Hal yang sama dikatakan oleh Ibrahim An-Nakha'i, Abdullah ibnul Haris
ibnu Naufal, Sammak ibnu Harb, Qatadah, Malik ibnu Dinar, Ibnu Juraij,
dan lain-lainnya, bahwa Qarun adalah saudara sepupu Musa a.s.
Ibnu Juraij mengatakan bahwa dia adalah Qarun ibnu Yas-hub ibnu Qahis, sedangkan Musa adalah Ibnu Imran ibnu Qahis.
Muhammad ibnu Ishaq ibnu Yasar menduga bahwa Qarun adalah pamannya Musa ibnu Imran a.s.

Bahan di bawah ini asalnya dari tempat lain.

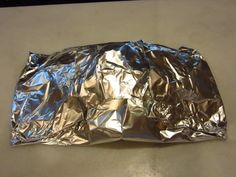 an aluminum foil bag sitting on top of a table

Ibnu Juraij mengatakan bahwa menurut kebanyakan ahlul 'ilmi, Qarun adalah saudara sepupu Musa a.s.
Qatadah ibnu Di'amah mengatakan, "Kami mengatakan bahwa dia adalah anak
paman Musa a.s. Qarun dijuluki Al-Munawwir karena suaranya yang bagus
saat membaca kitab Taurat, tetapi dia adalah musuh Allah lagi munafik,
sebagaimana sikap munafiknya Samiri. Keserakahan dirinyalah yang
menjerumuskannya ke dalam kebinasaan karena hartanya yang terlalu
banyak."
Menurut Syahr ibnu Hausyab, Qarun menjulurkan kainnya sepanjang satu
jengkal karena kesombongan dan keangkuhan terhadap kaumnya sendiri.
Firman Allah Swt.:
{وَآتَيْنَاهُ مِنَ الْكُنُوزِ مَا إِنَّ مَفَاتِحَهُ لَتَنُوءُ بِالْعُصْبَةِ أُولِي الْقُوَّةِ}
dan Kami telah menganugerahkan kepadanya perbendaharaan harta yang
kunci-kuncinya sungguh berat dipikul oleh sejumlah orang yang kuat.
(Al-Qashash: 76)
Maksudnya, terasa berat oleh mereka memikulnya karena banyaknya kunci (yang menunjukkan banyaknya harta).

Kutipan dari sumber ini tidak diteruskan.